The open spaces also support the kind of work culture Shopify encourages. Namely one where collaboration, cooperation and creativity can spark in unexpected ways between the most unlikely people. "The office space just serves to amplify what Shopify is all about in terms of the cross-functional talking that's constantly going on," say Praneethi Komat-Reddy, a merchant success manager who has been with the company since April 2016. "Open spaces really help to open up your mindset. None of the pods have doors, so just metaphorically, it's like, never close your mind to anything. I know I can just walk into any pod and say, 'Hey guys, I have an idea I want to run past you,' and we'll have a spontaneous meeting right there."

Lunch is catered daily at Shopify’s Waterloo office.

Another benefit of open work environments is the motivation derived from seeing others working towards the same goal. "It's not like in a more traditional office with cubicles where you don't know a project is even happening until it's done," says Komat-Reddy. "People write on walls here, they write on windows, you see sales guys running around all the time, like sprinting. Everyone's moving all the time and I think that kind of fuels your energy, and pushes you to hustle a little bit more."

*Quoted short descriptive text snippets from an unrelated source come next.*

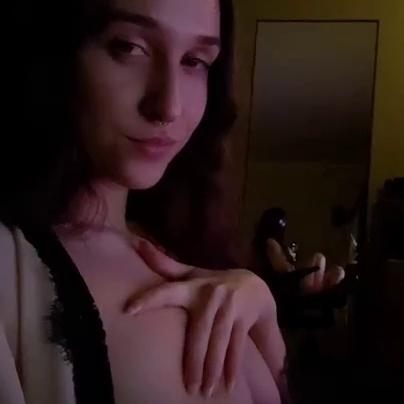 Khaljiit OnlyFans Topless Tease Clip Leaked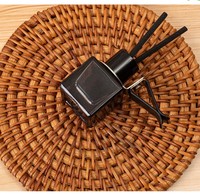 Diffuseur de parfum pour voiture 8 ml en verre noir avec bouchon et clip pour grille d'aération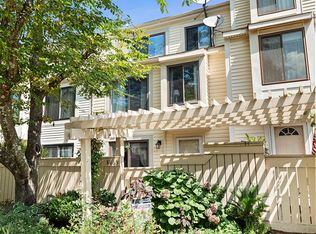 8863 Welbeck Way, Montgomery Village, MD 20886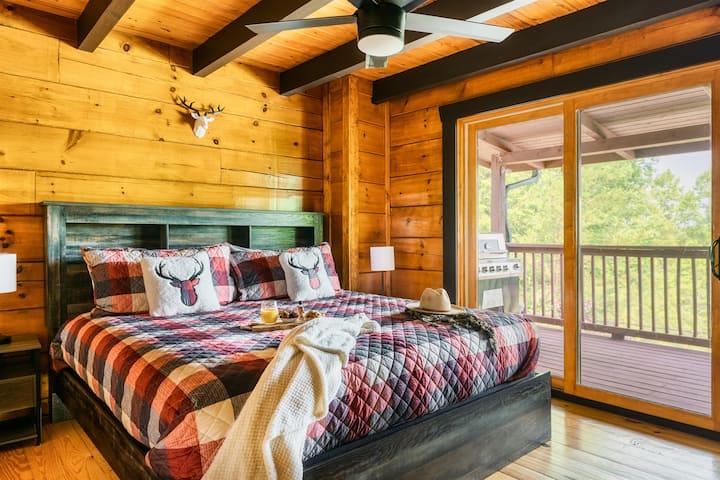 The 1st floor second bedroom also boasts a king bed with the same high quality mattress and a 40" HD Smart TV.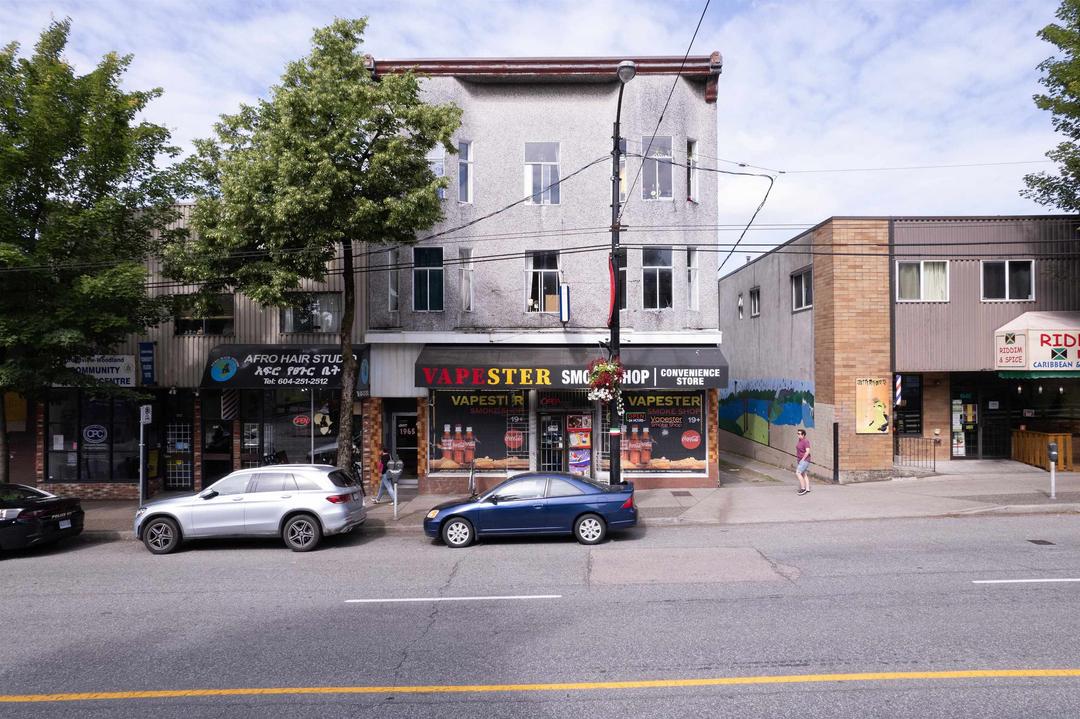 1961 commercial drive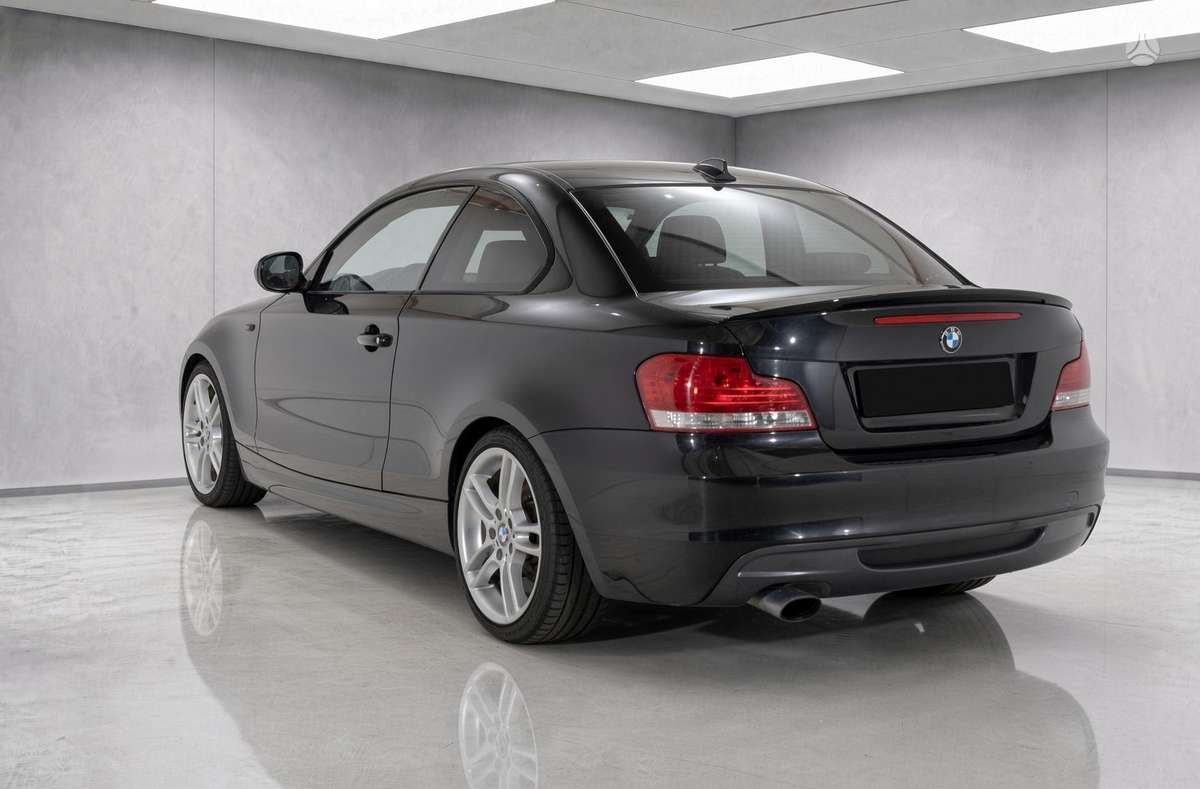 BMW 118, 2.0 l., Седан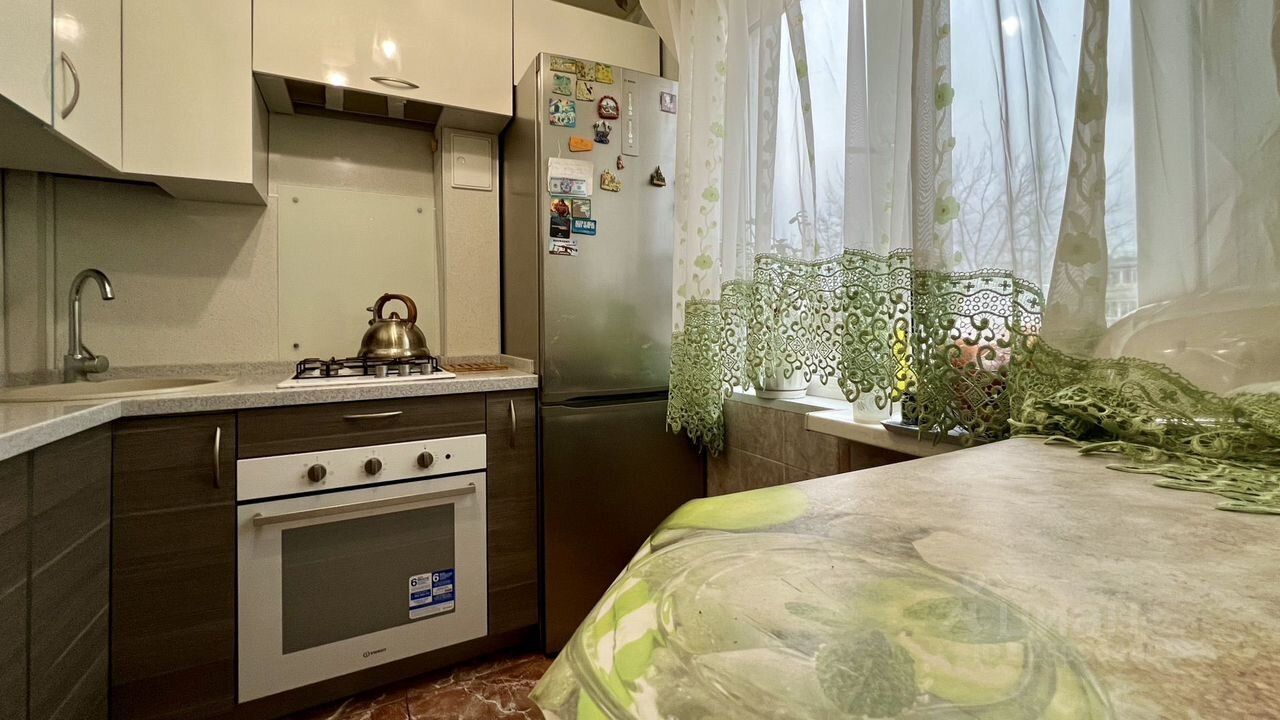 Продажа 2-комн квартиры на вторичном рынке Лосино-Петровский, улица Горького,  д. 18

That kind of transparency, collaboration and motivation doesn't happen by accident. "I think an office space is a reflection of the company's concerns and values," says Jonathan Sabine, co-founder of MSDS Studio, a Toronto-based design firm, whose clients include developer TAS DesignBuild, publisher House of Anansi, creative agency Common Good, tech start-up TWG, and the Toronto office of Shopify. "A thoughtfully designed space can help to foster company values, and imply certain behaviours, attitudes and interactions between employees."

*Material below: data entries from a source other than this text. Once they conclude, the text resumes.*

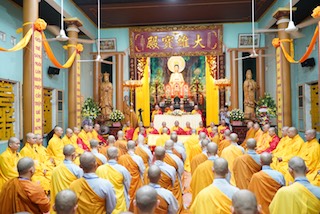 Lễ dâng y và cung an chức sự Đại giới đàn Trí Hải-Bích Liên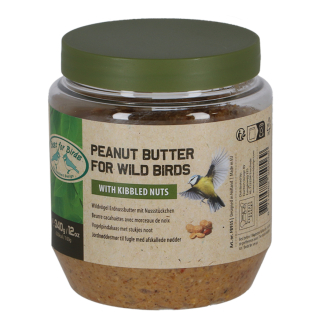 Mantequilla de cacahuete para pájaros con trozos de nueces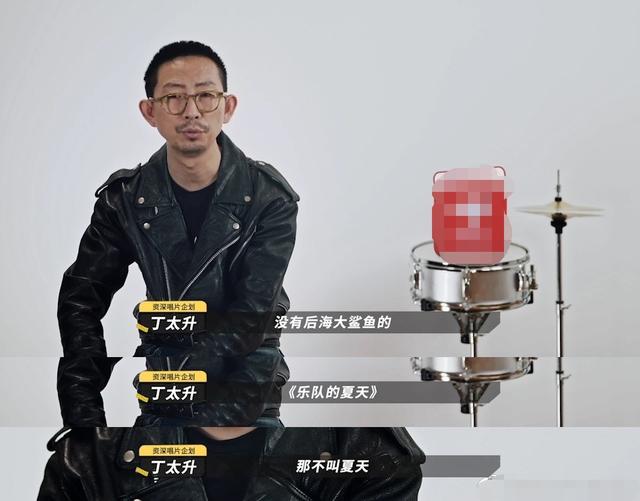 付菡唱歌（07年付菡头部受伤缝5针上台表演）(8)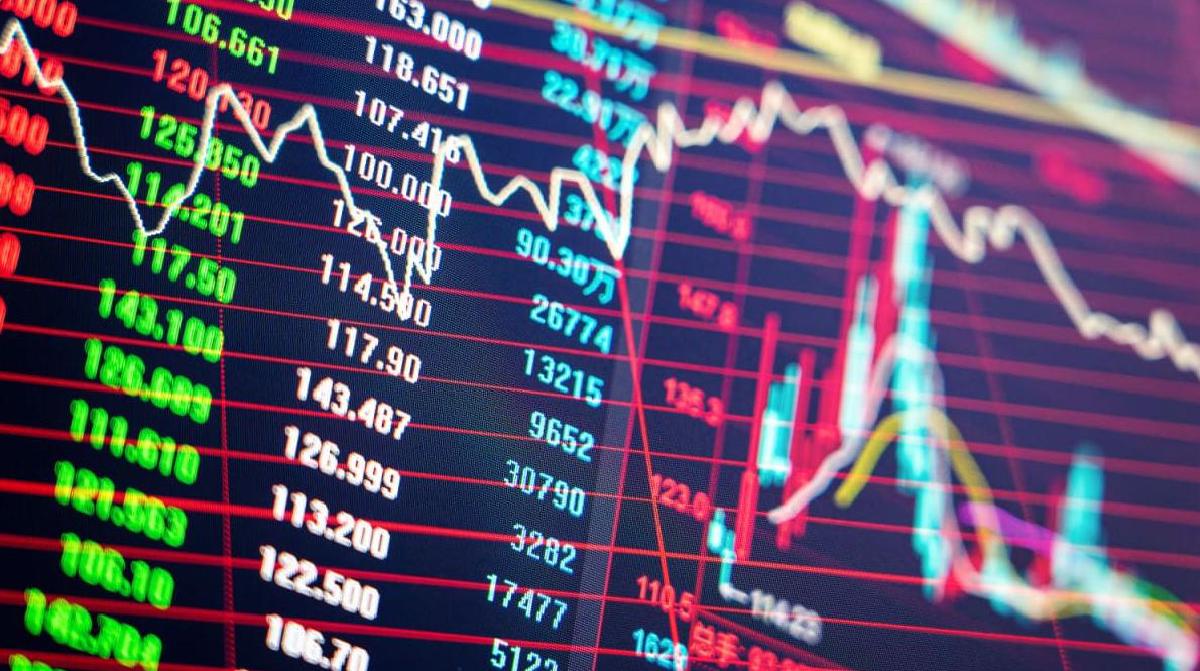 Featured image for Large Investors Jump Back Into Bitcoin After a Day of Losses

The design of Shopify’s offices is intended to encourage collaboration.

Shopify's Toronto space is known for its intentionally maze-like floor plan. "We love the idea of an environment having a sense of discovery and exploration," says Jessica Nakanishi, co-founder of MSDS. "It's really about incorporating elements of fun, sparking curiosity and creating moments that I think, consciously or unconsciously, become very important to the creative process."

The relationship between productivity and office space may be difficult to measure but it's hard to imagine that a space a person spends all day in doesn't prime him or her for better or for worse. One thing that can be measured, however, is happiness. "There are people here all the time," says Padleford. "I'll come in on a Saturday because I forgot something, and there will be people here just hanging out. You know you're doing something right when people show up on weekends to hang out in the office."

Shopify’s Toronto office is known for its maze-like layout.

This is no small achievement considering how competitive tech recruitment is in today's market. "There's an arms race in the tech industry right now for retaining the best talent, and the physical space is a huge part of that," says Sabine. "We've actually had a few companies tell us that they need to get better employees, but they're having trouble taking them away from the places like Shopify."

And this is precisely the point. "If, as a company, you're not thinking about office design and intentionally giving people spaces that are conducive to their working style, they're gonna leave and we can't afford that," says Padleford. "I think the fundamental thing that separates us from other businesses is that we see the people who work here as humans, they're not just line items. If you're going to optimize for line items, yeah cubicle heaven, man. But if you're going optimize for how humans do their best work, there is no other option."